*Task directions:*
Report every line of the listing below in which the string "solar" occurs.

*The data:*
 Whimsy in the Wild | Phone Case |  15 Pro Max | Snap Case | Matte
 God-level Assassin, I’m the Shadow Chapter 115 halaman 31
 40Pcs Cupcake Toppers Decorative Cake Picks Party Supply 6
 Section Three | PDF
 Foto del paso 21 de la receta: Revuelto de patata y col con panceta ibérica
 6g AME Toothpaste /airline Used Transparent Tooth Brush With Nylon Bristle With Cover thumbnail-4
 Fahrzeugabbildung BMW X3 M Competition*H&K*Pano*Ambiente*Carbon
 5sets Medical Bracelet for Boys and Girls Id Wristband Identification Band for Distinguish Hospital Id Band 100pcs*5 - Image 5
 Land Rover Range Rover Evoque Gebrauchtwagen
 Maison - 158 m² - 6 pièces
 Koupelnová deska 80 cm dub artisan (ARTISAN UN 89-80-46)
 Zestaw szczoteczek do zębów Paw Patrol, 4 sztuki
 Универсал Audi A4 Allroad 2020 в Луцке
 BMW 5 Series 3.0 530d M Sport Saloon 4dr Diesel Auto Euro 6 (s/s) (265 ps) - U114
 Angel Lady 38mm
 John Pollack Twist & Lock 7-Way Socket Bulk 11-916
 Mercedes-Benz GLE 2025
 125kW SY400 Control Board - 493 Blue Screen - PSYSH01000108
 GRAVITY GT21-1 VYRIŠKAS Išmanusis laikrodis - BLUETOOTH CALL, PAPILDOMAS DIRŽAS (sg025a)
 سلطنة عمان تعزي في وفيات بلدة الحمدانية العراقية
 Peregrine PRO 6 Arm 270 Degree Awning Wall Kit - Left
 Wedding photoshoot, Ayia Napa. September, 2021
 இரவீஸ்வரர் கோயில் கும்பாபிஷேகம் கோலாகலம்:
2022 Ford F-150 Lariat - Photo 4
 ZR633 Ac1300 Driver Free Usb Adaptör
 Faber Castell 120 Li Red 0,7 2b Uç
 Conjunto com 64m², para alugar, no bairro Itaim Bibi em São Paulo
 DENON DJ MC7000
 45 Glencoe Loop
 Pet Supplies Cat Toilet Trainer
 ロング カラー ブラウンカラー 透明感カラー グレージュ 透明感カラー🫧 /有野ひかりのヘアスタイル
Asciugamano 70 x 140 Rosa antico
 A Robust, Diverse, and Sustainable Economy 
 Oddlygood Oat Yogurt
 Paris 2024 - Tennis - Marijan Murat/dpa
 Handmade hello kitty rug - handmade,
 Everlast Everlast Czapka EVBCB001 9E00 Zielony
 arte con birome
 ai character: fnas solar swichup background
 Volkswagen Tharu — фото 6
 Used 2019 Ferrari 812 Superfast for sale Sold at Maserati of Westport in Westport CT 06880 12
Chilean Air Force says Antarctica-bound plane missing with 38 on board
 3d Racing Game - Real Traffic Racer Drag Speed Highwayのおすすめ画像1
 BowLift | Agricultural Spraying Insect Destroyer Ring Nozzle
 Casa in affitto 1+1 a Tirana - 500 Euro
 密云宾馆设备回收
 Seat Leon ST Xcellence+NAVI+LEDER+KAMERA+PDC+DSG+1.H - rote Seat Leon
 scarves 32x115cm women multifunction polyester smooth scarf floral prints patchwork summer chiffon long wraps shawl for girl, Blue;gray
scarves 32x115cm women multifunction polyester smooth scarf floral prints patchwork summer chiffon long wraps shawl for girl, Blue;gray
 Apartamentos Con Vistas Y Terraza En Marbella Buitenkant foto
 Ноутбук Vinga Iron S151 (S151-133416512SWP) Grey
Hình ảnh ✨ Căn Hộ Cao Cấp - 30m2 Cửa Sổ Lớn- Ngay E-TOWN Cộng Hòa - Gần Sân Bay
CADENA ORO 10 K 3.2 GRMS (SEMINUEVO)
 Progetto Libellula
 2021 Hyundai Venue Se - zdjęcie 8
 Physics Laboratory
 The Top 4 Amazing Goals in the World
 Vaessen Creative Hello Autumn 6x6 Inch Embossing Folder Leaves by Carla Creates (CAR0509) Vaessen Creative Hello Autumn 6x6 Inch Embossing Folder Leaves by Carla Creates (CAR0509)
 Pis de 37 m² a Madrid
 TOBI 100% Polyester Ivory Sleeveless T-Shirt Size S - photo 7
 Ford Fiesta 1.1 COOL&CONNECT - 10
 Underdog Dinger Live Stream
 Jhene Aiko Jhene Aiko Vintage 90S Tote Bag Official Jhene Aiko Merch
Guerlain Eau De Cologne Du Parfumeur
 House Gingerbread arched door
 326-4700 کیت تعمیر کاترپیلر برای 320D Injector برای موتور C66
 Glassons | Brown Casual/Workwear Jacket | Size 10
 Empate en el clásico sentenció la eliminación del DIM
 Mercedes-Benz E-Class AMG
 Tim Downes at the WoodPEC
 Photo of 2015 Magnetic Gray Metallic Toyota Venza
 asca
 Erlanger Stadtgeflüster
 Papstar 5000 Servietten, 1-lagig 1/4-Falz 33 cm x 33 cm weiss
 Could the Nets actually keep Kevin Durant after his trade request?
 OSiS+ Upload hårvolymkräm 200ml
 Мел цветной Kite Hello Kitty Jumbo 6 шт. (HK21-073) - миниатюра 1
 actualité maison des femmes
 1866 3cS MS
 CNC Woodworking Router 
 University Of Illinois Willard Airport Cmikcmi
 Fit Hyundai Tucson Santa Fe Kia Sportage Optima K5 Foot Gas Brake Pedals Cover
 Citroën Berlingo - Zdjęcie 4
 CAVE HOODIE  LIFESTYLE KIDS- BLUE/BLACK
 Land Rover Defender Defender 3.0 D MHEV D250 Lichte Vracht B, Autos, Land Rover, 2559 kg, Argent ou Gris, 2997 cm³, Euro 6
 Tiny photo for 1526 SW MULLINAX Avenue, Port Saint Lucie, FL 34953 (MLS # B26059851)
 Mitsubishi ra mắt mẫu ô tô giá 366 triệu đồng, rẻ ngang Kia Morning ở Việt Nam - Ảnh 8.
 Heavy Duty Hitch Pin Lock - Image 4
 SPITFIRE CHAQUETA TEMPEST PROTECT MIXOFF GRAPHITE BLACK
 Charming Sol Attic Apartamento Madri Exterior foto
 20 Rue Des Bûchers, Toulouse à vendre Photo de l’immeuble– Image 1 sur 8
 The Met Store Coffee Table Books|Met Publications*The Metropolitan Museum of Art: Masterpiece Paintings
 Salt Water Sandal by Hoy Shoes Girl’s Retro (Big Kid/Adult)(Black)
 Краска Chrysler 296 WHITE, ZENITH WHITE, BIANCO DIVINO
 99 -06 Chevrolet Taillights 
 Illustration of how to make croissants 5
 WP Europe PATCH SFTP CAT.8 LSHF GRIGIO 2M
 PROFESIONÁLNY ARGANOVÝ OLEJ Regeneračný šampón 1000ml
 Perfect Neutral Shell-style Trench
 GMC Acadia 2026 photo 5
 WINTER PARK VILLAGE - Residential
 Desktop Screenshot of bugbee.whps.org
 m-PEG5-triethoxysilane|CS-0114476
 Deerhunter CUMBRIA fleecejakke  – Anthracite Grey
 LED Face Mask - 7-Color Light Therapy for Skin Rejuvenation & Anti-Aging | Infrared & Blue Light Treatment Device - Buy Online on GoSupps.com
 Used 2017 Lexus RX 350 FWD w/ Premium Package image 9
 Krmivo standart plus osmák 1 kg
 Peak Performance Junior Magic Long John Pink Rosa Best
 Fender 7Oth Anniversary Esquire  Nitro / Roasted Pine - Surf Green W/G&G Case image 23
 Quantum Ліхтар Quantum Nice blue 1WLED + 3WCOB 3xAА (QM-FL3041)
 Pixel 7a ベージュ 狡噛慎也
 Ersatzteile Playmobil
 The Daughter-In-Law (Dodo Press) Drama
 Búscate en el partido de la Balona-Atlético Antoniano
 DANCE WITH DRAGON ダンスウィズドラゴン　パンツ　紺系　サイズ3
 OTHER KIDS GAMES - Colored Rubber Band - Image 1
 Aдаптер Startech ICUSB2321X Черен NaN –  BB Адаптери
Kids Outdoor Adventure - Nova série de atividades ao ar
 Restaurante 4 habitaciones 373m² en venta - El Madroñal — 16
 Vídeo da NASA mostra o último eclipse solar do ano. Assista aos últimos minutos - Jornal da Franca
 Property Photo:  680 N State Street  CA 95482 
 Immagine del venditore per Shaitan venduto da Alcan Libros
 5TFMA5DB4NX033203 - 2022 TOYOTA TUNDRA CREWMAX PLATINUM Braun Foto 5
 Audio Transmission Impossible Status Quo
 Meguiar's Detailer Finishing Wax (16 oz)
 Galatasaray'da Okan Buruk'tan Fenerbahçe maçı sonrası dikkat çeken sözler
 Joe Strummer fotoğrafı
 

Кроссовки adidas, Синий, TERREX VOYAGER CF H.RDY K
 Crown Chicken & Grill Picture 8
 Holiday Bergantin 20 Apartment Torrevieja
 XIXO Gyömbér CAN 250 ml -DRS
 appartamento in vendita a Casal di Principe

*Answer:*
 ai character: fnas solar swichup background
 Vídeo da NASA mostra o último eclipse solar do ano. Assista aos últimos minutos - Jornal da Franca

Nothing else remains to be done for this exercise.